I had a look into the mysteries of 'mkinitrd' and it only causes raidautorun to be run *after* resume has been attempted. So resuming from a raid array currently cannot work. If we wanted to make it work with current technology, I would probably do something like this in the init script created by mkinitrd. case $resumedev in /dev/md* ) realdev=$( mdadm -Es -cpartitions | while read a b c d do if [ "x$a" = "xARRAY" -a "x$b" = "x$resumedev" -a "x$c" = "xlevel=raid1" ] then IFS=,= read a b c echo $b fi done ) if [ -n "$realdev" ]; then resumedev=$realdev; else resume_mode= ; fi esac That should probably go at the start of the udev_discover_resume function. If not this, then at least it should check if resumedev looks like /dev/md*, and ignore it if it does. Who is responsible for making changes to "mkinitrd" ?? NeilBrown
Hannes Reinecke is doing most of the changes in mkinitd. I am pretty sure he will accept patches. I added him to CC:
Hmm. Why do we have to check for 'raid1' partitions only? Shouldn't we consider all raid levels?

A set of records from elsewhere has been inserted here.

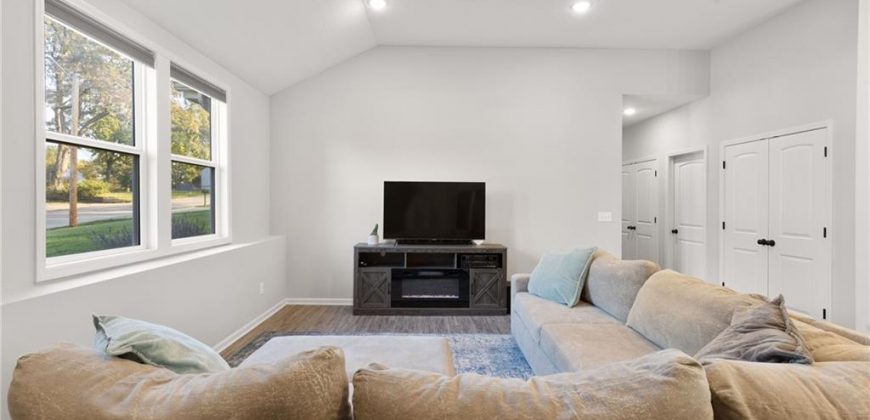 Homes for Sale in Kansas City, MO 64117 | 3514 NE Monterey Avenue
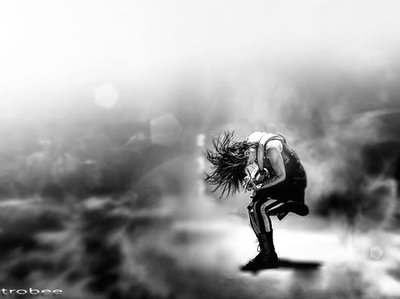 Skillet - Koey Cooper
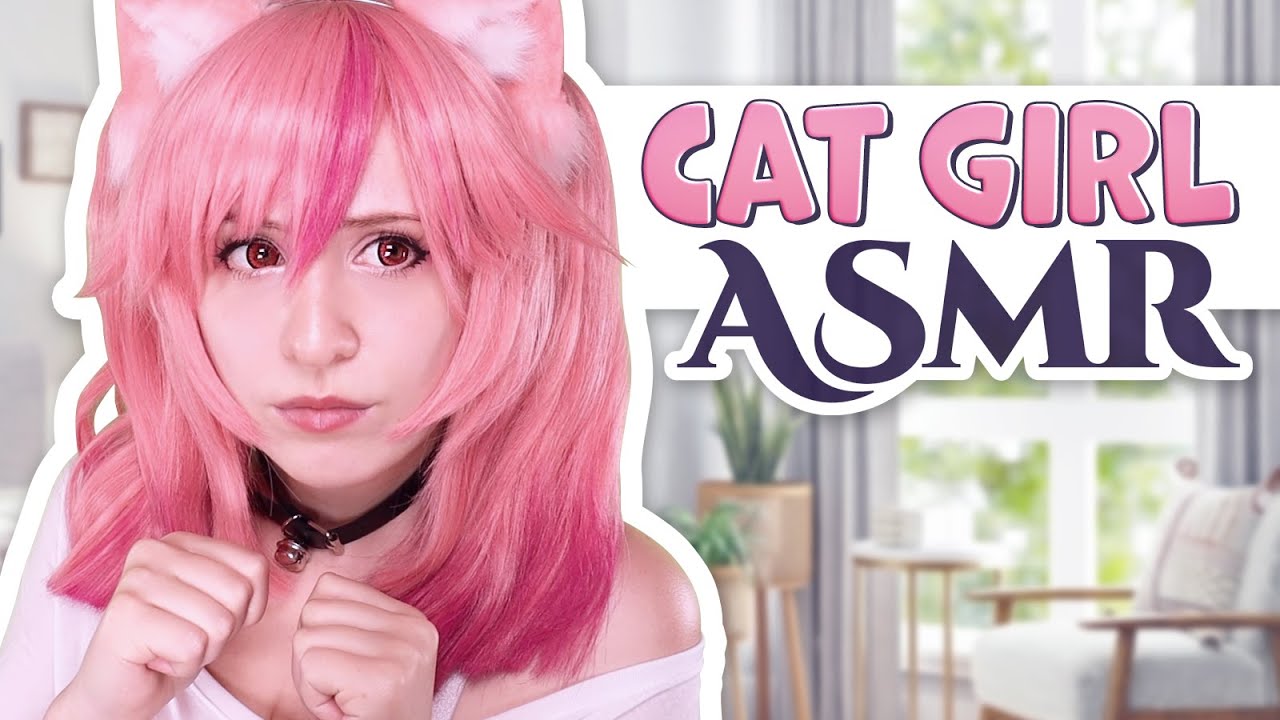 Catgirl cosplay, Cat Girl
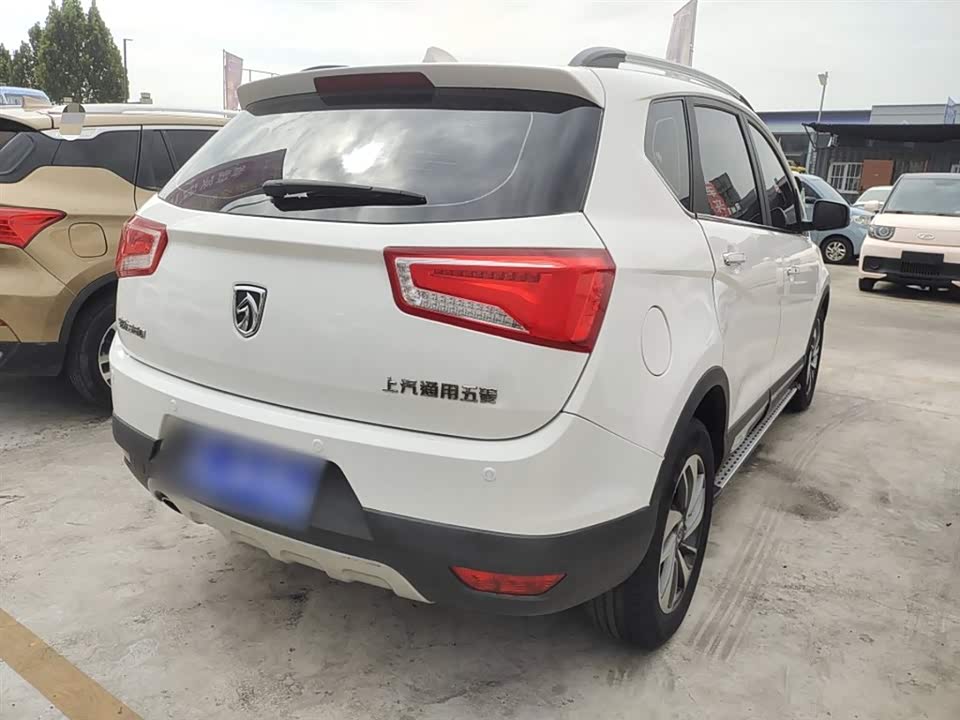 Baoding 560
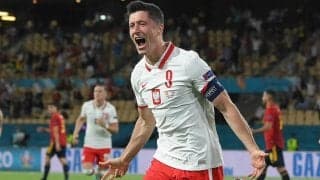 レヴァンドフスキやジエリンスキらポーランド代表メンバーが発表《カタールW杯欧州予選》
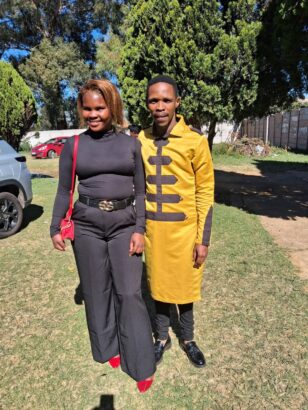 Read more about the article Rebecca From Nyeri Appreciates Admin Mary G For Connecting Her With Kagema From Murang’a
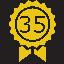 Level 35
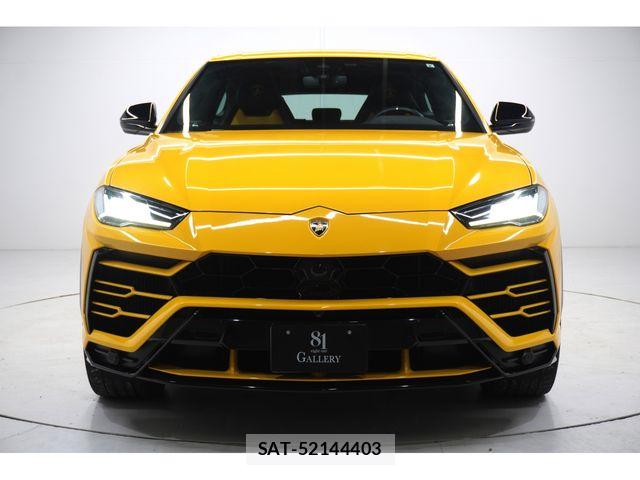 Lamborghini URUS 2019-04 6612596-3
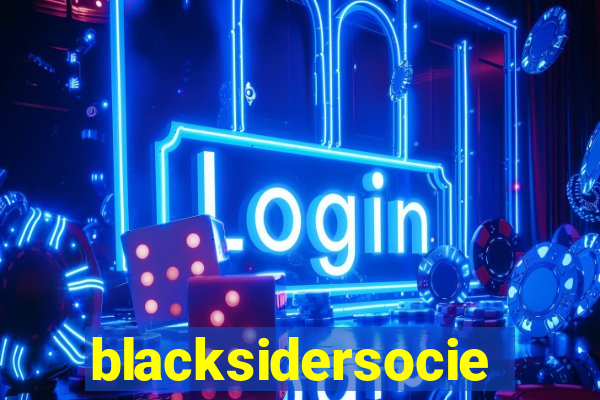 blacksidersociety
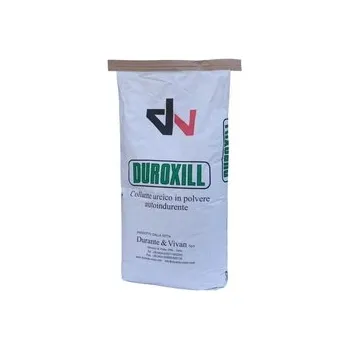 Průmyslové lepidlo DUROXILL 850 E1 práškové dýhovací lepidlo, balení 25kg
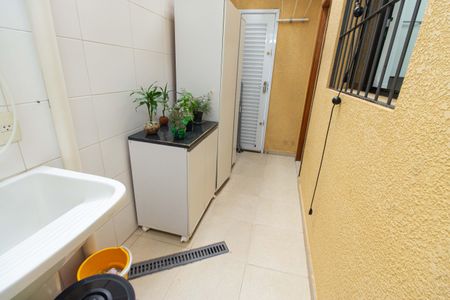 Casa de condomínio à venda com 91m², 3 quartos e 2 vagas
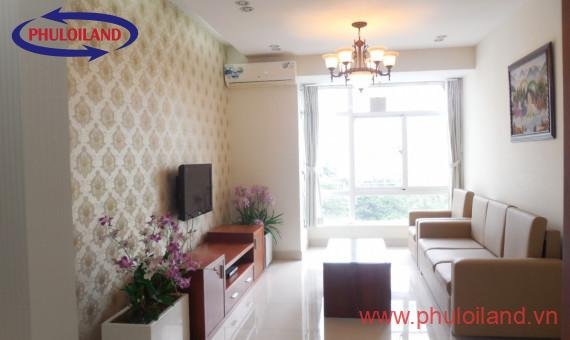 Cần Tiền nên bán nhanh căn hộ Sky Garden 3. Căn góc 72m2 View hồ bơi Nhà Đẹp Giá Tốt 2,9 Tỷ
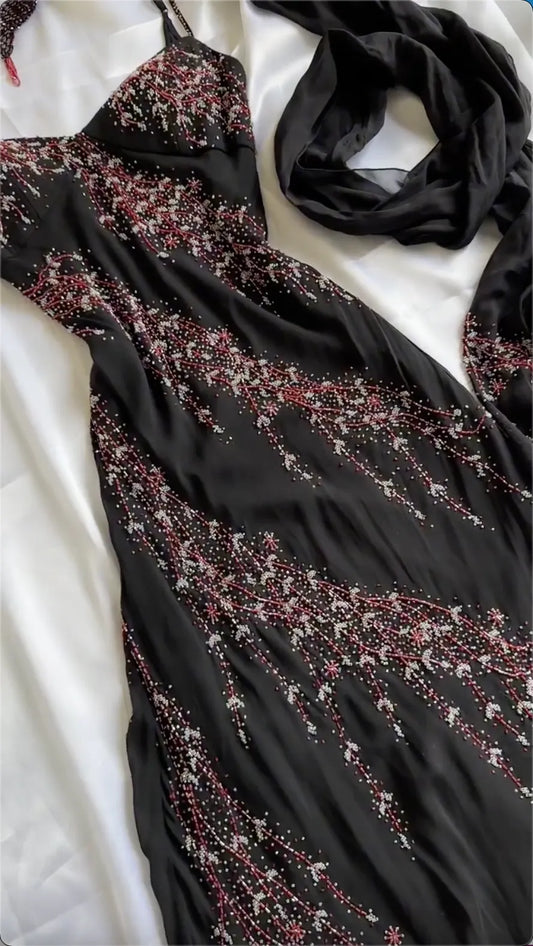 Magnifique robe de conte de fées🧚🏻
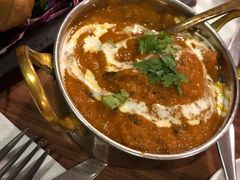 -克比叔叔印度餐厅Kebabs on the Grille(永康路分店)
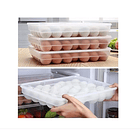 organizador huevera de 24 unidades 2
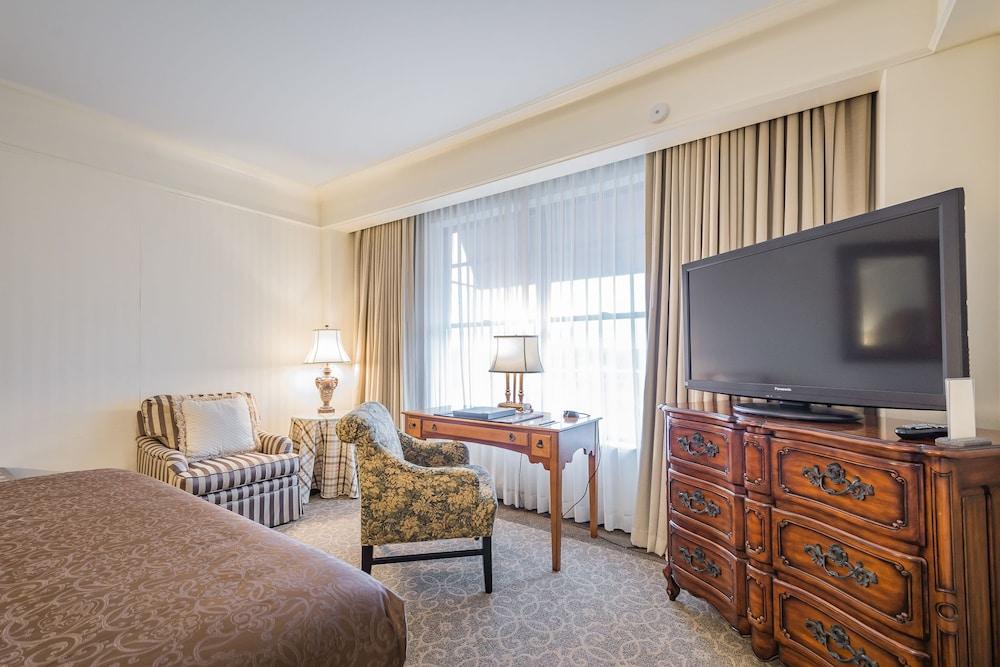 O.Henry Hotel Грийнсбъро Екстериор снимка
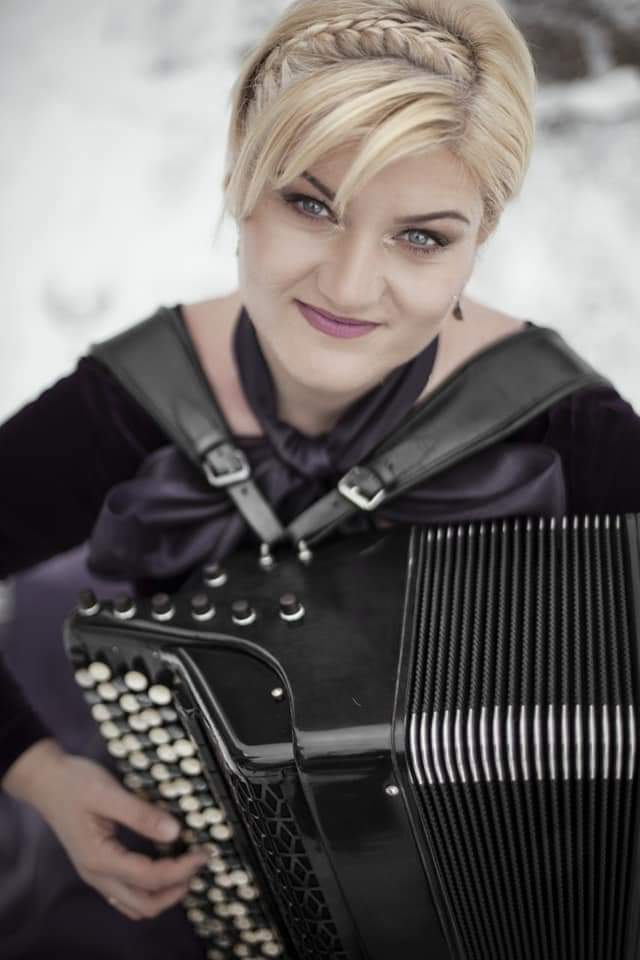  Danijela Gazdić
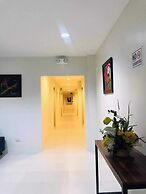 Nest hotel at Nest Suites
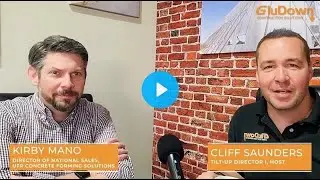 Concrete & Coffee Ep. 16 - Kirby with UFP Concrete Forming Solutions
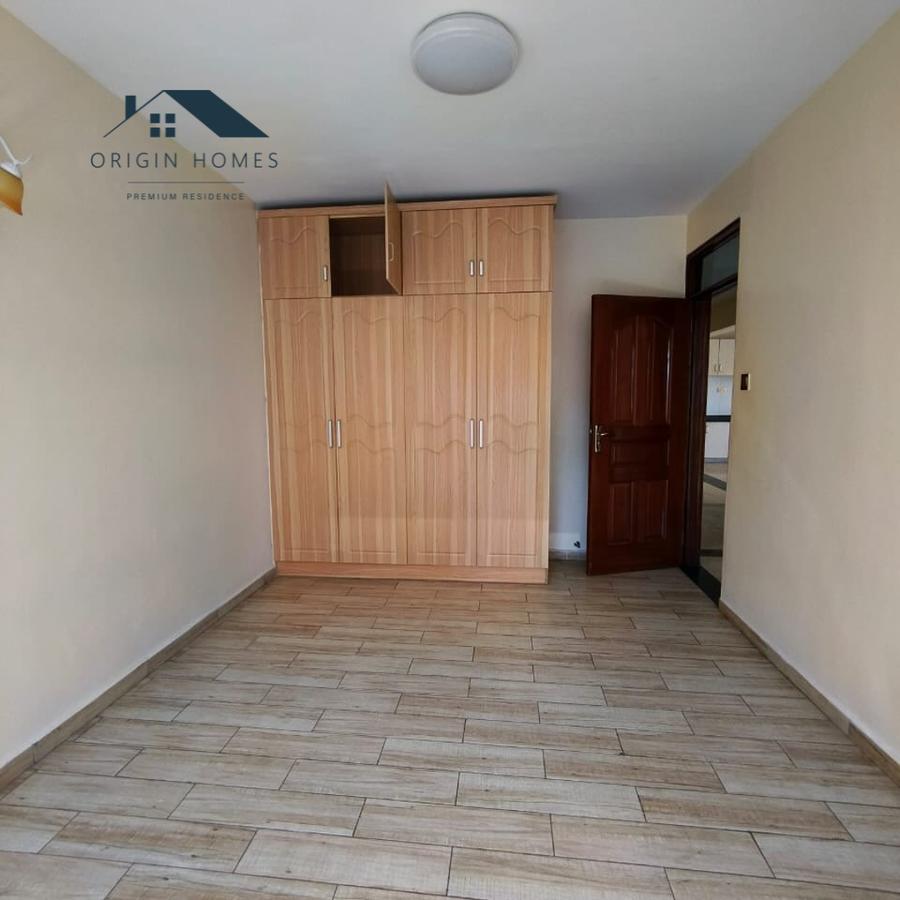 3 Bed Apartment with En Suite at Kilimani - 6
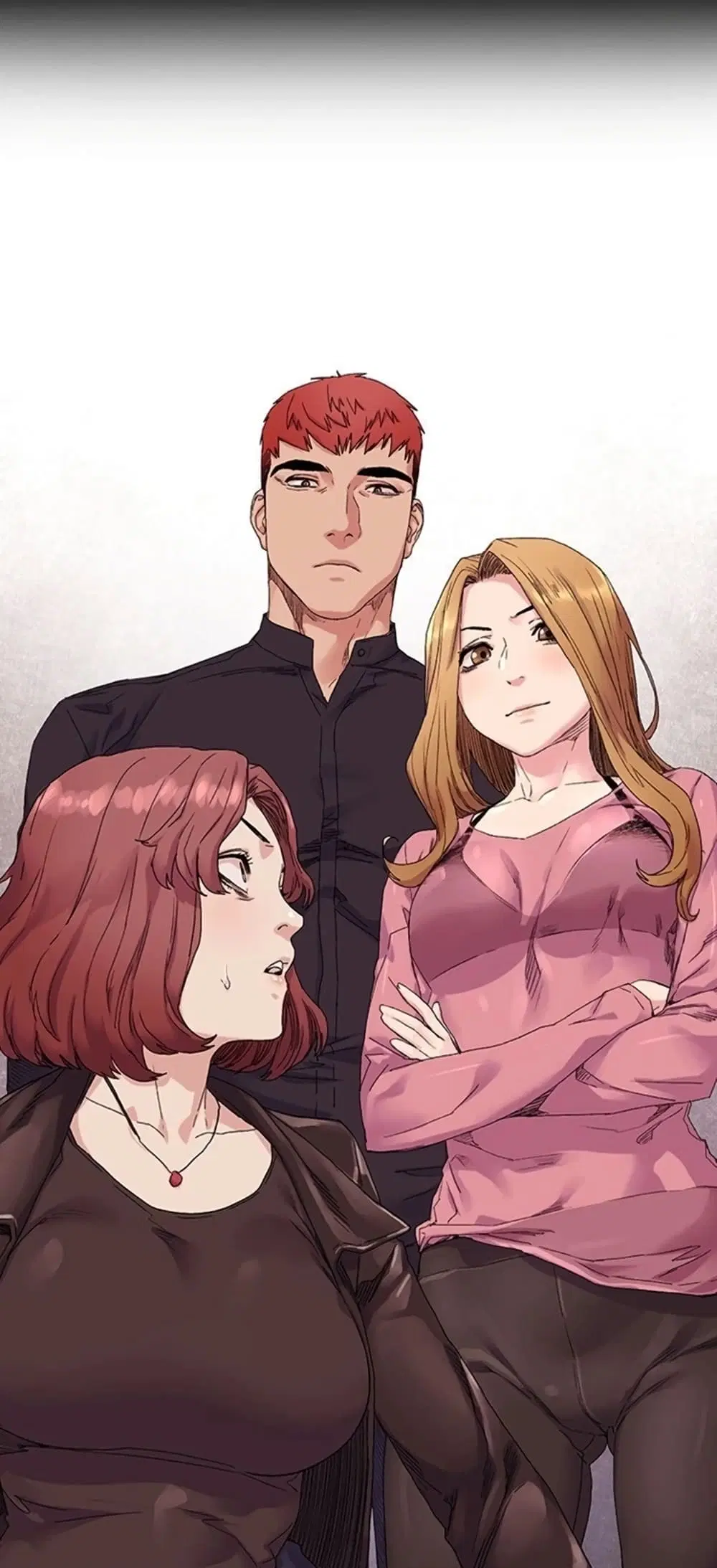 Silent War ตอนที่ 21 — page 29 of 31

Where do we check only for raid1? The check for raid I see in mkinitrd contains: if has_any_module raid0 raid1 raid5 linear multipath; then Raid1 is the only raid level that can be used for the files in /boot but that is nothing that should mother mkinitrd.
Hanes: This bug has been sitting around unloved for some months. Do you know if the important issues have been resolved? Can we close it?
I doubt we'll fix this for 10.0. This change is a bit intrusive and would have to be tested thoroughly. And as this no-one bothered during beta test I don't think it's important enough. So we'll mark this a not supported.
Ok, I'll mark it as WONTFIX for now. If it comes back to haunt us, so be it.